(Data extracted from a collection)
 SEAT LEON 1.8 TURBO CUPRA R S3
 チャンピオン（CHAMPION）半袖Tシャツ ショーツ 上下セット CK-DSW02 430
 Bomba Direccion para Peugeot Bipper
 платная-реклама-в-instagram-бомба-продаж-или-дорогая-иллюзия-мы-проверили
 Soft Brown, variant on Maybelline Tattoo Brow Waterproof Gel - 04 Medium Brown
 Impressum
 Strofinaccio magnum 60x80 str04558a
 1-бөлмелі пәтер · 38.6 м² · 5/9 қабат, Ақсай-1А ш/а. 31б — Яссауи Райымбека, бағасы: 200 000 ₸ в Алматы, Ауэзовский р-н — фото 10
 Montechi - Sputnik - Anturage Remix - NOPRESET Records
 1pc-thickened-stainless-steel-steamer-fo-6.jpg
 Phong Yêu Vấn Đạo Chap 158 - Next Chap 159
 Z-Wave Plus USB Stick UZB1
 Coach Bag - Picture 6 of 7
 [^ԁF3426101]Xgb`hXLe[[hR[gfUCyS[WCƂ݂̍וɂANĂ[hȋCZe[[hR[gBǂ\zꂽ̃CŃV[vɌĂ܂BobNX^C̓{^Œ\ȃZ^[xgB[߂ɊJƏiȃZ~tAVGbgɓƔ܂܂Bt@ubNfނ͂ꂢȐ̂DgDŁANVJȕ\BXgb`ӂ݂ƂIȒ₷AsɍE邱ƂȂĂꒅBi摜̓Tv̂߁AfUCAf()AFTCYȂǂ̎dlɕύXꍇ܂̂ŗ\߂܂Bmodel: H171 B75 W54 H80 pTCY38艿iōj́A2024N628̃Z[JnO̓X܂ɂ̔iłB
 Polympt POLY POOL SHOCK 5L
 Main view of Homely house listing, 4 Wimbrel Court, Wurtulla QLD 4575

## WHAT YOU WILL DO:
Reproduce exactly what appears from the line containing "Bomba Direccion para Peugeot Bipper" down to the final line of the data.

## WORKED SOLUTION:
 Bomba Direccion para Peugeot Bipper
 платная-реклама-в-instagram-бомба-продаж-или-дорогая-иллюзия-мы-проверили
 Soft Brown, variant on Maybelline Tattoo Brow Waterproof Gel - 04 Medium Brown
 Impressum
 Strofinaccio magnum 60x80 str04558a
 1-бөлмелі пәтер · 38.6 м² · 5/9 қабат, Ақсай-1А ш/а. 31б — Яссауи Райымбека, бағасы: 200 000 ₸ в Алматы, Ауэзовский р-н — фото 10
 Montechi - Sputnik - Anturage Remix - NOPRESET Records
 1pc-thickened-stainless-steel-steamer-fo-6.jpg
 Phong Yêu Vấn Đạo Chap 158 - Next Chap 159
 Z-Wave Plus USB Stick UZB1
 Coach Bag - Picture 6 of 7
 [^ԁF3426101]Xgb`hXLe[[hR[gfUCyS[WCƂ݂̍וɂANĂ[hȋCZe[[hR[gBǂ\zꂽ̃CŃV[vɌĂ܂BobNX^C̓{^Œ\ȃZ^[xgB[߂ɊJƏiȃZ~tAVGbgɓƔ܂܂Bt@ubNfނ͂ꂢȐ̂DgDŁANVJȕ\BXgb`ӂ݂ƂIȒ₷AsɍE邱ƂȂĂꒅBi摜̓Tv̂߁AfUCAf()AFTCYȂǂ̎dlɕύXꍇ܂̂ŗ\߂܂Bmodel: H171 B75 W54 H80 pTCY38艿iōj́A2024N628̃Z[JnO̓X܂ɂ̔iłB
 Polympt POLY POOL SHOCK 5L
 Main view of Homely house listing, 4 Wimbrel Court, Wurtulla QLD 4575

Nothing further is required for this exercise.